Crawled caption data:
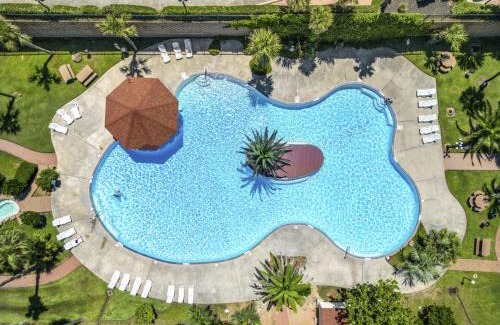 Galveston House | Oceanview Two Balconies Heated Pool Walk to beach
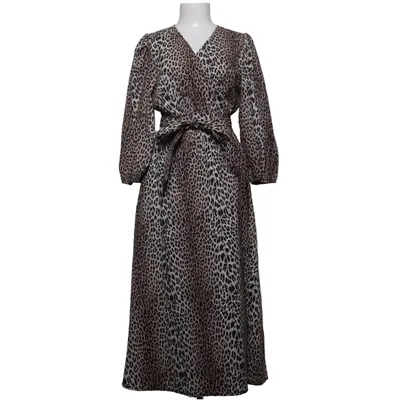 Robe portefeuille (Beige, Noir, Multicolore) de Notes du Nord Coton, Élasthane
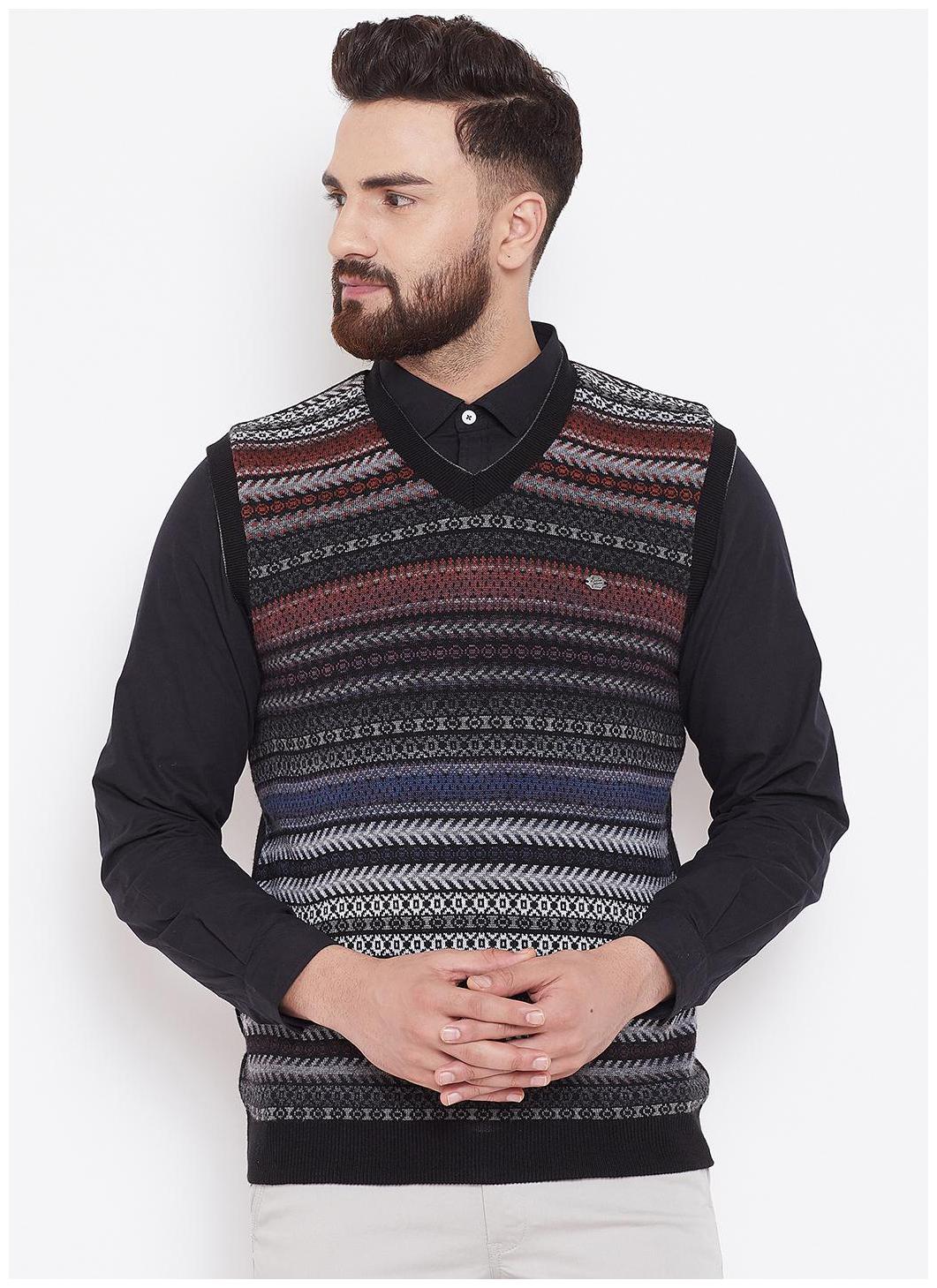 

Duke Wool Blend Men Black Pullover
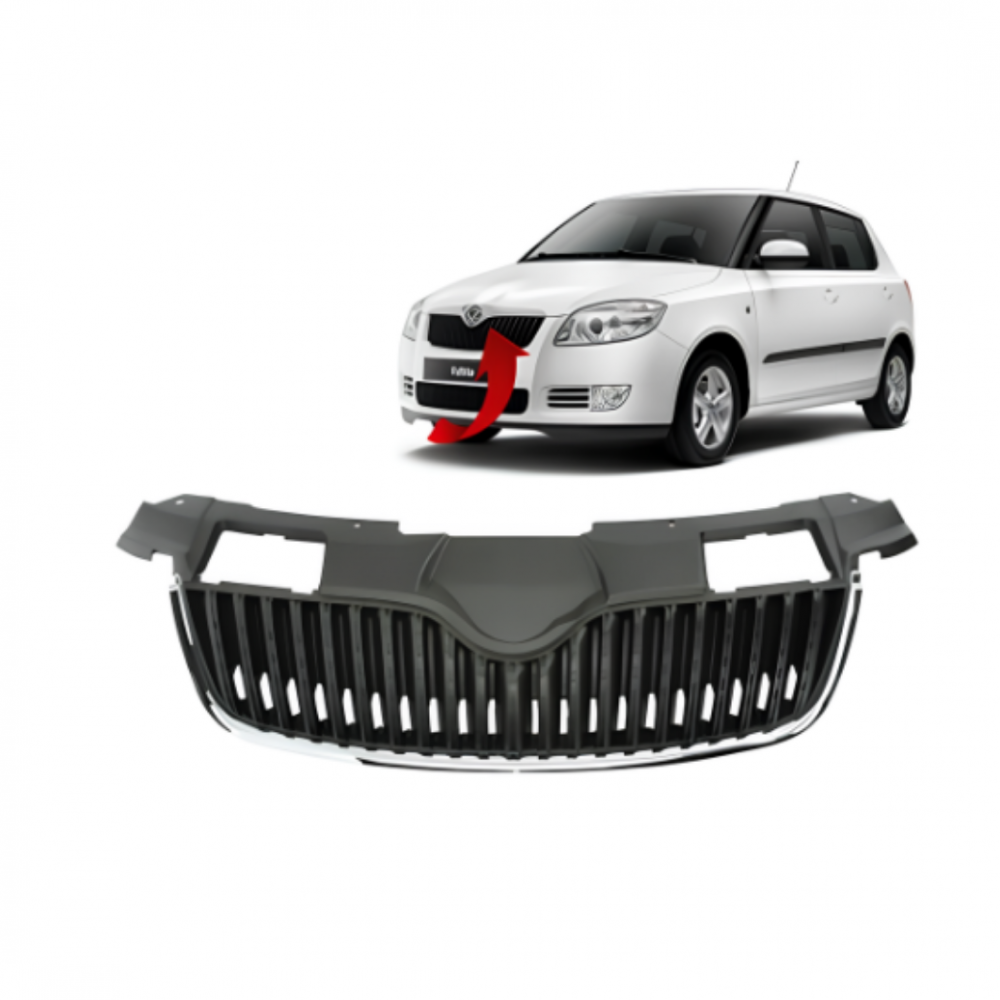 SKODA FABİA 2007-2010 ÖN PANJUR KROM ÇERCEVE 5J0853668B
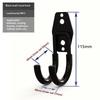 Heavy Duty Wall Mount Metal Hook Garage Organizer Bicycle Ladder Hanger Anti Slip Storage Hook For Garden Tools Home Workshop
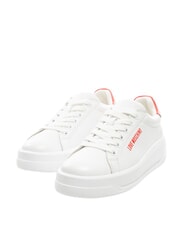 LOVE MOSCHINO ECLIPSE 50 Ledersneakers wei&szlig;/rot - Damenschuhe - 1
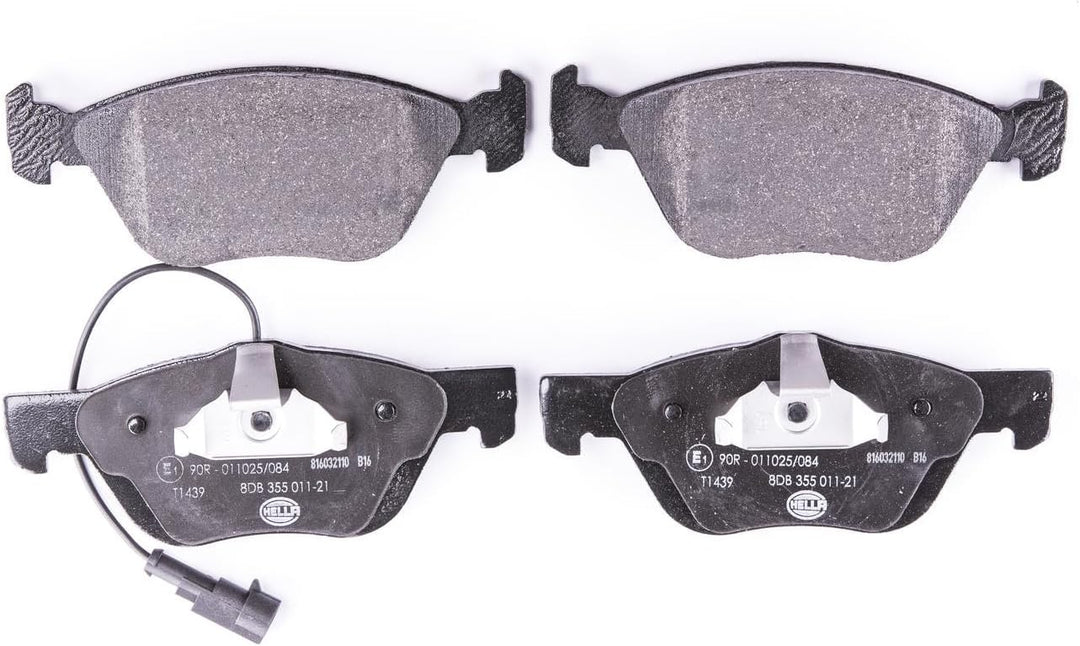 HELLA PAGID 8DB 355 011-211 Bremsbelagsatz - T1439 - Dicke/Stärke: 19mm - Bremssystem: Teves - mit i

-- Work instructions --
Every record above must be copied exactly; none of the pictures belong in the copy.

-- Exercise solution --
 Galveston House | Oceanview Two Balconies Heated Pool Walk to beach
 Robe portefeuille (Beige, Noir, Multicolore) de Notes du Nord Coton, Élasthane

Duke Wool Blend Men Black Pullover
 SKODA FABİA 2007-2010 ÖN PANJUR KROM ÇERCEVE 5J0853668B
 Heavy Duty Wall Mount Metal Hook Garage Organizer Bicycle Ladder Hanger Anti Slip Storage Hook For Garden Tools Home Workshop
 LOVE MOSCHINO ECLIPSE 50 Ledersneakers wei&szlig;/rot - Damenschuhe - 1
 HELLA PAGID 8DB 355 011-211 Bremsbelagsatz - T1439 - Dicke/Stärke: 19mm - Bremssystem: Teves - mit i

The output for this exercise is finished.